## What is being asked
A complete, exact copy of the records below is the required result.

Brief descriptive captions

________________

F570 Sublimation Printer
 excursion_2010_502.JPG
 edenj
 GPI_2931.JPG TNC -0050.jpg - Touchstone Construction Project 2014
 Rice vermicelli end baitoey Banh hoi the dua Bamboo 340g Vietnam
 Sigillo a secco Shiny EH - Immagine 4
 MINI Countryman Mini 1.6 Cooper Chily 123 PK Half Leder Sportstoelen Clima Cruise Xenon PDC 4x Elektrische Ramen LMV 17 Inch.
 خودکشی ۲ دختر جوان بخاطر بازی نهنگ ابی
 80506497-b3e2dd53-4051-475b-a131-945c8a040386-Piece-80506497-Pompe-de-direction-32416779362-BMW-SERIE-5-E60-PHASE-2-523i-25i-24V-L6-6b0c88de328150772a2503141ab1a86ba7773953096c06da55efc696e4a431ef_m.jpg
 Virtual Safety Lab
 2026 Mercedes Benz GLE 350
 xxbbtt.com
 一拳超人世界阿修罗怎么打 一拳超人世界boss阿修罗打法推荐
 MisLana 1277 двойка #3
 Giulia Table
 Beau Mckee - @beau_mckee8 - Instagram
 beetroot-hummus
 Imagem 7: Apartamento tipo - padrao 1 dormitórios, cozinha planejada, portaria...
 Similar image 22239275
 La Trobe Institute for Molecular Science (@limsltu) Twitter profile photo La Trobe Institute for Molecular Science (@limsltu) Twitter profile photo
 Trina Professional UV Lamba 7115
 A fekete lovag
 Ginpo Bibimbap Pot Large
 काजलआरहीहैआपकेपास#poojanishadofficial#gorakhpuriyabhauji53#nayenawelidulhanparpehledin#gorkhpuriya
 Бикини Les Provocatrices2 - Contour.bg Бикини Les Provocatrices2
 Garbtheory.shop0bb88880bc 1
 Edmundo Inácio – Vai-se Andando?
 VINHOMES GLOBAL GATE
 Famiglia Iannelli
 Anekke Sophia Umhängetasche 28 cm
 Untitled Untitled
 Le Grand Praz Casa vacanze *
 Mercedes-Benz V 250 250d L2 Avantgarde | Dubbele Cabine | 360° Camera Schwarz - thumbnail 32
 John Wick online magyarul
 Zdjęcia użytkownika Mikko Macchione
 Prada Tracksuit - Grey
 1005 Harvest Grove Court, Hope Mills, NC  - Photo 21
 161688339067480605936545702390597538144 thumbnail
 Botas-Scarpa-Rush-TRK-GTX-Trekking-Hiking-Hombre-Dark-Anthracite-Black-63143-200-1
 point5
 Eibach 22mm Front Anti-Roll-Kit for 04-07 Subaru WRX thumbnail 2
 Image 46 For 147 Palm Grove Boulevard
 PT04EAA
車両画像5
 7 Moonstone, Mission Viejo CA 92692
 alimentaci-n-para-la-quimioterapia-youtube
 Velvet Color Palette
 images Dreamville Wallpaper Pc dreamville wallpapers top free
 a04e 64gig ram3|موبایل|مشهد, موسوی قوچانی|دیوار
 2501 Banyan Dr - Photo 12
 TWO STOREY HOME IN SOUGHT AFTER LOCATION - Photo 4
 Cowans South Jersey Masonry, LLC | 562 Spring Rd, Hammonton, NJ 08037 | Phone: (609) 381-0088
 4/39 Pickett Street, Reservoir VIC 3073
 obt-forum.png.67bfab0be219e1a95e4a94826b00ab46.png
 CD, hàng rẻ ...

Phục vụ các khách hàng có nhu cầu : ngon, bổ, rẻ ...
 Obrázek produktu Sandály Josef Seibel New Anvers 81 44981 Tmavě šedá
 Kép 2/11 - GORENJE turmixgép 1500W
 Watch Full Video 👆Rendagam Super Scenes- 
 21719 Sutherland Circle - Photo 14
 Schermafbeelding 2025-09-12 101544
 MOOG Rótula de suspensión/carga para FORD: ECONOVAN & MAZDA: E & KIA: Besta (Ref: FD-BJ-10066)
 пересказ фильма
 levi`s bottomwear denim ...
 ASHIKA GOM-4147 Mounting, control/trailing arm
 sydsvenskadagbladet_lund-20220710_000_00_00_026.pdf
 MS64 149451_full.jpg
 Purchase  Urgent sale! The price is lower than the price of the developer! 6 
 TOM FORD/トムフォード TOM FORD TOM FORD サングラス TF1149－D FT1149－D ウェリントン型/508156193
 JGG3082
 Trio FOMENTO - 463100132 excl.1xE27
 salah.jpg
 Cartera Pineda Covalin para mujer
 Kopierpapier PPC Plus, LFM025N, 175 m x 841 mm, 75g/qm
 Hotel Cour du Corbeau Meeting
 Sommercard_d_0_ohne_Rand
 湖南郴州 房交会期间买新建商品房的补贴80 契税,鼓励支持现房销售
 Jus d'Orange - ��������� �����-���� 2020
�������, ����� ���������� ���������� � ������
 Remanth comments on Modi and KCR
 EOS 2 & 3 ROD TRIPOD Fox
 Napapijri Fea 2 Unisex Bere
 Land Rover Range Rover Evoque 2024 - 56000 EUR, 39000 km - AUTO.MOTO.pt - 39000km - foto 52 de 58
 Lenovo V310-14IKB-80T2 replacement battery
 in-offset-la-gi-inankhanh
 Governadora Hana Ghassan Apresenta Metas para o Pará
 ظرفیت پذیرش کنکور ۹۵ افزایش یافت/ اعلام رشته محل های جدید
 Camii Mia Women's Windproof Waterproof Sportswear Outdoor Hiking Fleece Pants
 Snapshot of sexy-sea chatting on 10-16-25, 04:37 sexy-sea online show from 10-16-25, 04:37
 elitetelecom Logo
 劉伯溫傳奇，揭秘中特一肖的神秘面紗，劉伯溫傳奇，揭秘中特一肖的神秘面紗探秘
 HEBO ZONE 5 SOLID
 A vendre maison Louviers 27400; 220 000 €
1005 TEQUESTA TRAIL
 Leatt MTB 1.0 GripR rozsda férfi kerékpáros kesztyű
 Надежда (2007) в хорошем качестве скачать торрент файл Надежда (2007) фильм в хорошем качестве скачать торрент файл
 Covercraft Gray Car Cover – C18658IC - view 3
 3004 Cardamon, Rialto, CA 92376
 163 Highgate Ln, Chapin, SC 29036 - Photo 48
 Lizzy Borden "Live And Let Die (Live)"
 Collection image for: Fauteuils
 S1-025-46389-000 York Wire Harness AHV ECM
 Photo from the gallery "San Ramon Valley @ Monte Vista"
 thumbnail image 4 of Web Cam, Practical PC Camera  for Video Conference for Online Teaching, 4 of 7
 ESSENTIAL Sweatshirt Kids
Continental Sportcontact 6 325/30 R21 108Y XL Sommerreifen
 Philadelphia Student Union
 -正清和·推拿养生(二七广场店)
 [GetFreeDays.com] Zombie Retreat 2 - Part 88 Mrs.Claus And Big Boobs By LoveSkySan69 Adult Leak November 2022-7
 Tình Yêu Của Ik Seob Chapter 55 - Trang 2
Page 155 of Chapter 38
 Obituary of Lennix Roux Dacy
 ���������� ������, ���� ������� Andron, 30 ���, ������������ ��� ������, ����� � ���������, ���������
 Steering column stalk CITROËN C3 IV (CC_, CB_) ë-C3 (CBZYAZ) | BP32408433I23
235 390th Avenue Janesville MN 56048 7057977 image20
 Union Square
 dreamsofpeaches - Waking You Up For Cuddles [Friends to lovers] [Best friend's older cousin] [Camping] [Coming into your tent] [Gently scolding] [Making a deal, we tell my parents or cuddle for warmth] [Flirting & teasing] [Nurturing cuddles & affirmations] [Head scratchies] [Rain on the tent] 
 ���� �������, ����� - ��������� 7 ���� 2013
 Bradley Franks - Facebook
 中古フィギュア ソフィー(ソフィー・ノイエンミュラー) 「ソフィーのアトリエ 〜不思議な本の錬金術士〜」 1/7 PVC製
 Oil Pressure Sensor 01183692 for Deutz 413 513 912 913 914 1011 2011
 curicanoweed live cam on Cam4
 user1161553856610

________________

## Solution to the exercise
F570 Sublimation Printer
 excursion_2010_502.JPG
 edenj
 GPI_2931.JPG TNC -0050.jpg - Touchstone Construction Project 2014
 Rice vermicelli end baitoey Banh hoi the dua Bamboo 340g Vietnam
 Sigillo a secco Shiny EH - Immagine 4
 MINI Countryman Mini 1.6 Cooper Chily 123 PK Half Leder Sportstoelen Clima Cruise Xenon PDC 4x Elektrische Ramen LMV 17 Inch.
 خودکشی ۲ دختر جوان بخاطر بازی نهنگ ابی
 80506497-b3e2dd53-4051-475b-a131-945c8a040386-Piece-80506497-Pompe-de-direction-32416779362-BMW-SERIE-5-E60-PHASE-2-523i-25i-24V-L6-6b0c88de328150772a2503141ab1a86ba7773953096c06da55efc696e4a431ef_m.jpg
 Virtual Safety Lab
 2026 Mercedes Benz GLE 350
 xxbbtt.com
 一拳超人世界阿修罗怎么打 一拳超人世界boss阿修罗打法推荐
 MisLana 1277 двойка #3
 Giulia Table
 Beau Mckee - @beau_mckee8 - Instagram
 beetroot-hummus
 Imagem 7: Apartamento tipo - padrao 1 dormitórios, cozinha planejada, portaria...
 Similar image 22239275
 La Trobe Institute for Molecular Science (@limsltu) Twitter profile photo La Trobe Institute for Molecular Science (@limsltu) Twitter profile photo
 Trina Professional UV Lamba 7115
 A fekete lovag
 Ginpo Bibimbap Pot Large
 काजलआरहीहैआपकेपास#poojanishadofficial#gorakhpuriyabhauji53#nayenawelidulhanparpehledin#gorkhpuriya
 Бикини Les Provocatrices2 - Contour.bg Бикини Les Provocatrices2
 Garbtheory.shop0bb88880bc 1
 Edmundo Inácio – Vai-se Andando?
 VINHOMES GLOBAL GATE
 Famiglia Iannelli
 Anekke Sophia Umhängetasche 28 cm
 Untitled Untitled
 Le Grand Praz Casa vacanze *
 Mercedes-Benz V 250 250d L2 Avantgarde | Dubbele Cabine | 360° Camera Schwarz - thumbnail 32
 John Wick online magyarul
 Zdjęcia użytkownika Mikko Macchione
 Prada Tracksuit - Grey
 1005 Harvest Grove Court, Hope Mills, NC  - Photo 21
 161688339067480605936545702390597538144 thumbnail
 Botas-Scarpa-Rush-TRK-GTX-Trekking-Hiking-Hombre-Dark-Anthracite-Black-63143-200-1
 point5
 Eibach 22mm Front Anti-Roll-Kit for 04-07 Subaru WRX thumbnail 2
 Image 46 For 147 Palm Grove Boulevard
 PT04EAA
車両画像5
 7 Moonstone, Mission Viejo CA 92692
 alimentaci-n-para-la-quimioterapia-youtube
 Velvet Color Palette
 images Dreamville Wallpaper Pc dreamville wallpapers top free
 a04e 64gig ram3|موبایل|مشهد, موسوی قوچانی|دیوار
 2501 Banyan Dr - Photo 12
 TWO STOREY HOME IN SOUGHT AFTER LOCATION - Photo 4
 Cowans South Jersey Masonry, LLC | 562 Spring Rd, Hammonton, NJ 08037 | Phone: (609) 381-0088
 4/39 Pickett Street, Reservoir VIC 3073
 obt-forum.png.67bfab0be219e1a95e4a94826b00ab46.png
 CD, hàng rẻ ...

Phục vụ các khách hàng có nhu cầu : ngon, bổ, rẻ ...
 Obrázek produktu Sandály Josef Seibel New Anvers 81 44981 Tmavě šedá
 Kép 2/11 - GORENJE turmixgép 1500W
 Watch Full Video 👆Rendagam Super Scenes- 
 21719 Sutherland Circle - Photo 14
 Schermafbeelding 2025-09-12 101544
 MOOG Rótula de suspensión/carga para FORD: ECONOVAN & MAZDA: E & KIA: Besta (Ref: FD-BJ-10066)
 пересказ фильма
 levi`s bottomwear denim ...
 ASHIKA GOM-4147 Mounting, control/trailing arm
 sydsvenskadagbladet_lund-20220710_000_00_00_026.pdf
 MS64 149451_full.jpg
 Purchase  Urgent sale! The price is lower than the price of the developer! 6 
 TOM FORD/トムフォード TOM FORD TOM FORD サングラス TF1149－D FT1149－D ウェリントン型/508156193
 JGG3082
 Trio FOMENTO - 463100132 excl.1xE27
 salah.jpg
 Cartera Pineda Covalin para mujer
 Kopierpapier PPC Plus, LFM025N, 175 m x 841 mm, 75g/qm
 Hotel Cour du Corbeau Meeting
 Sommercard_d_0_ohne_Rand
 湖南郴州 房交会期间买新建商品房的补贴80 契税,鼓励支持现房销售
 Jus d'Orange - ��������� �����-���� 2020
�������, ����� ���������� ���������� � ������
 Remanth comments on Modi and KCR
 EOS 2 & 3 ROD TRIPOD Fox
 Napapijri Fea 2 Unisex Bere
 Land Rover Range Rover Evoque 2024 - 56000 EUR, 39000 km - AUTO.MOTO.pt - 39000km - foto 52 de 58
 Lenovo V310-14IKB-80T2 replacement battery
 in-offset-la-gi-inankhanh
 Governadora Hana Ghassan Apresenta Metas para o Pará
 ظرفیت پذیرش کنکور ۹۵ افزایش یافت/ اعلام رشته محل های جدید
 Camii Mia Women's Windproof Waterproof Sportswear Outdoor Hiking Fleece Pants
 Snapshot of sexy-sea chatting on 10-16-25, 04:37 sexy-sea online show from 10-16-25, 04:37
 elitetelecom Logo
 劉伯溫傳奇，揭秘中特一肖的神秘面紗，劉伯溫傳奇，揭秘中特一肖的神秘面紗探秘
 HEBO ZONE 5 SOLID
 A vendre maison Louviers 27400; 220 000 €
1005 TEQUESTA TRAIL
 Leatt MTB 1.0 GripR rozsda férfi kerékpáros kesztyű
 Надежда (2007) в хорошем качестве скачать торрент файл Надежда (2007) фильм в хорошем качестве скачать торрент файл
 Covercraft Gray Car Cover – C18658IC - view 3
 3004 Cardamon, Rialto, CA 92376
 163 Highgate Ln, Chapin, SC 29036 - Photo 48
 Lizzy Borden "Live And Let Die (Live)"
 Collection image for: Fauteuils
 S1-025-46389-000 York Wire Harness AHV ECM
 Photo from the gallery "San Ramon Valley @ Monte Vista"
 thumbnail image 4 of Web Cam, Practical PC Camera  for Video Conference for Online Teaching, 4 of 7
 ESSENTIAL Sweatshirt Kids
Continental Sportcontact 6 325/30 R21 108Y XL Sommerreifen
 Philadelphia Student Union
 -正清和·推拿养生(二七广场店)
 [GetFreeDays.com] Zombie Retreat 2 - Part 88 Mrs.Claus And Big Boobs By LoveSkySan69 Adult Leak November 2022-7
 Tình Yêu Của Ik Seob Chapter 55 - Trang 2
Page 155 of Chapter 38
 Obituary of Lennix Roux Dacy
 ���������� ������, ���� ������� Andron, 30 ���, ������������ ��� ������, ����� � ���������, ���������
 Steering column stalk CITROËN C3 IV (CC_, CB_) ë-C3 (CBZYAZ) | BP32408433I23
235 390th Avenue Janesville MN 56048 7057977 image20
 Union Square
 dreamsofpeaches - Waking You Up For Cuddles [Friends to lovers] [Best friend's older cousin] [Camping] [Coming into your tent] [Gently scolding] [Making a deal, we tell my parents or cuddle for warmth] [Flirting & teasing] [Nurturing cuddles & affirmations] [Head scratchies] [Rain on the tent] 
 ���� �������, ����� - ��������� 7 ���� 2013
 Bradley Franks - Facebook
 中古フィギュア ソフィー(ソフィー・ノイエンミュラー) 「ソフィーのアトリエ 〜不思議な本の錬金術士〜」 1/7 PVC製
 Oil Pressure Sensor 01183692 for Deutz 413 513 912 913 914 1011 2011
 curicanoweed live cam on Cam4
 user1161553856610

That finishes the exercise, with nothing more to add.